Further, the delta lognormal model provides a realistic and meaningful way to analyze and describe handwriting generation and provides information that can be used, in a perceptivomotor context to tackle recognition problems. Its first practical application has been the development of a model-based segmentation framework for the partitioning of handwriting [Pla92] and its use in the development of an automatic signature verification system [Pla94b]. Based on this model, a multilevel signature verification system was developed [Pla94a], which uses three types of representations based on global parameters and two other based on functions. The overall verification is performed using a step wise process at three distinct levels, using personalized decision thresholds.

2.5.6 Future Directions

As long as we partially succeed in processing handwriting automatically by computer, we will see on-line tools designed to help children learn to write appearing on the market, as well as intelligent electronic notebooks, signature verification, and recognition systems, not to mention the many automated off-line systems for processing written documents.

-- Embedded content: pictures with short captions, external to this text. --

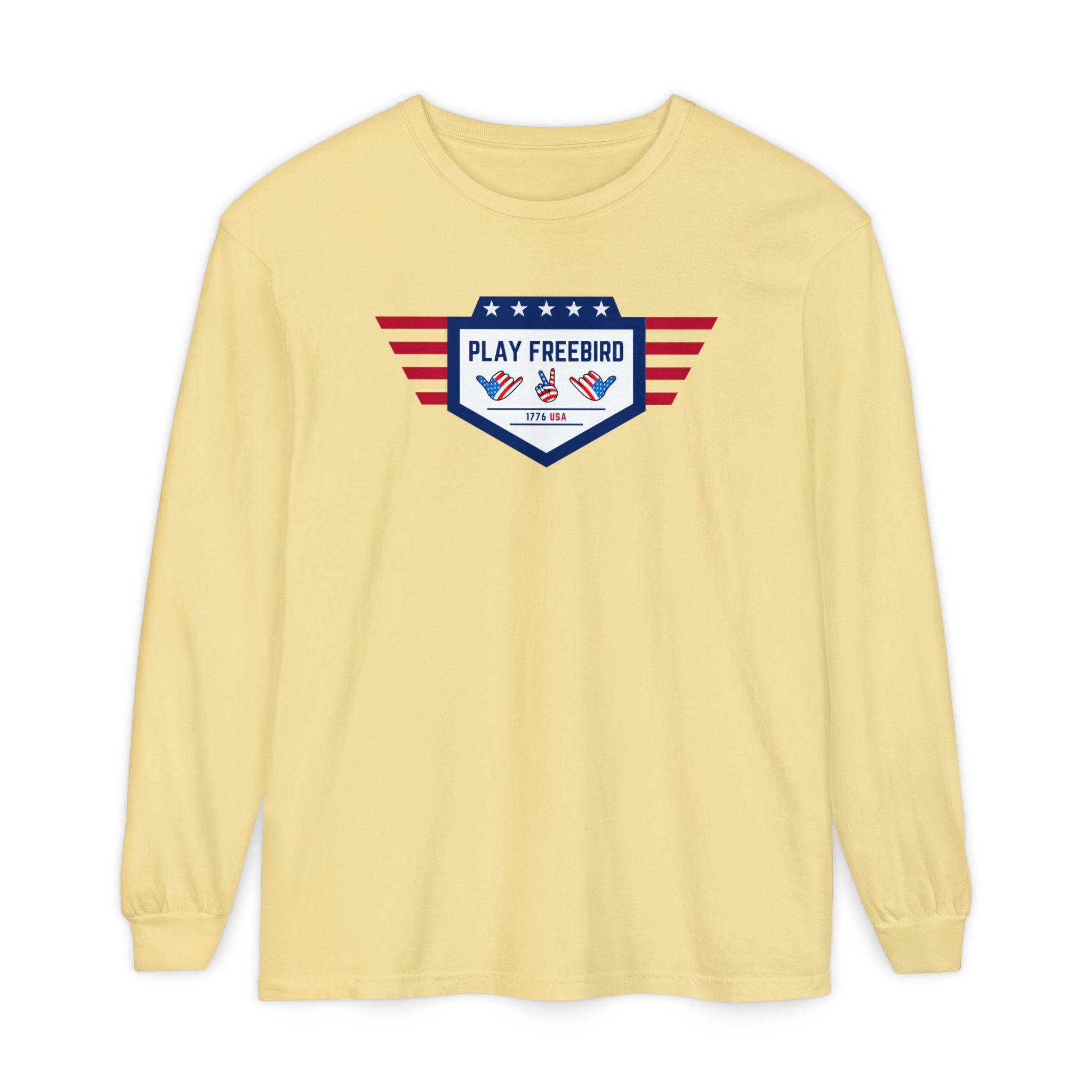 "Play Freebird in 1776" - America Long Sleeve Shirt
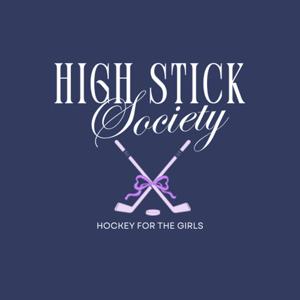 The High Stick Society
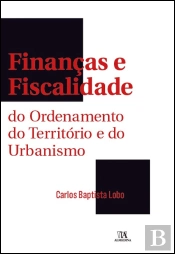 Finanças e Fiscalidade do Ordenamento do Território e do Urbanismo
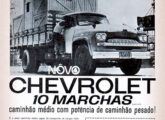Em 1963 os caminhões Chevrolet passaram a dispor de opção de câmbio de dez marchas; a propaganda é de maio.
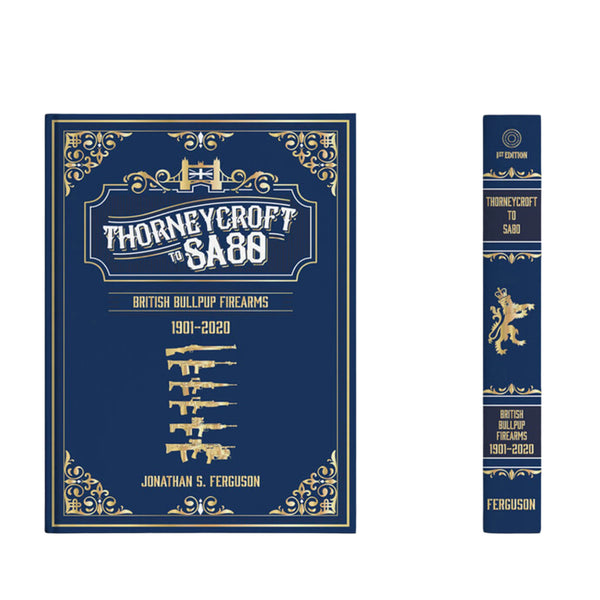 Thorneycroft to SA80: British Bullpup Firearms, 1901 – 2020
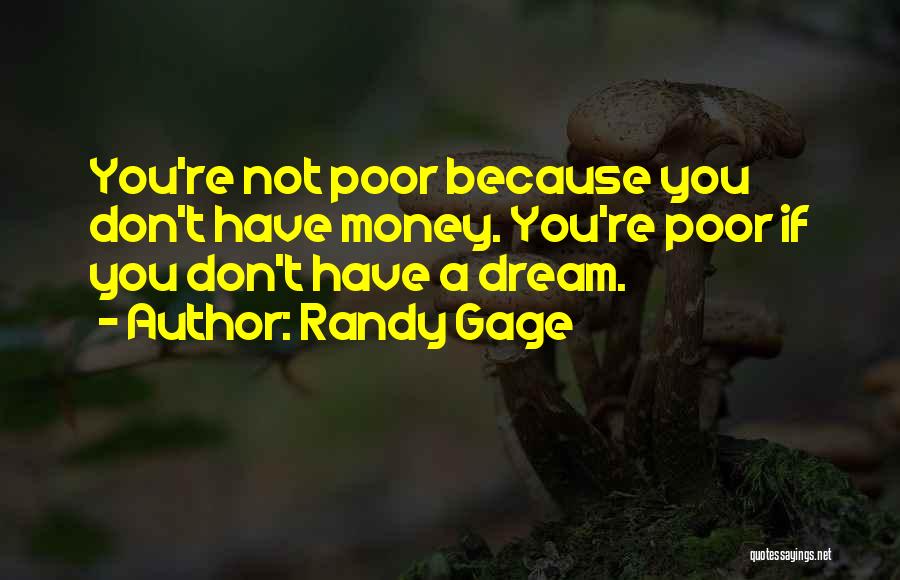 Randy Gage Quotes: You're Not Poor Because You Don't Have Money. You're Poor If You Don't Have A Dream.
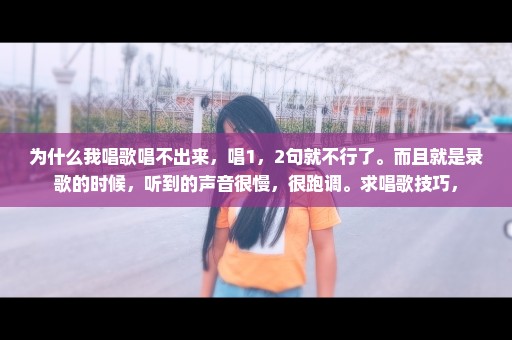 为什么我唱歌唱不出来，唱1，2句就不行了。而且就是录歌的时候，听到的声音很慢，很跑调。求唱歌技巧，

In order to see these newest inventions (all of which are dedicated to the popularization of handwriting) take shape, become a reality, and not be relegated to the status of laboratory curios, a great deal of research will be required, and numerous theoretical and technological breakthroughs must occur. Specifically, much more time and money must be spent on careful research and development, but with less of the fervor that currently prevails. False advertising must be avoided at all costs when technological breakthroughs are made, when development is still far from complete and any undue optimism arising from too many premature expectations risks compromising the scientific achievement.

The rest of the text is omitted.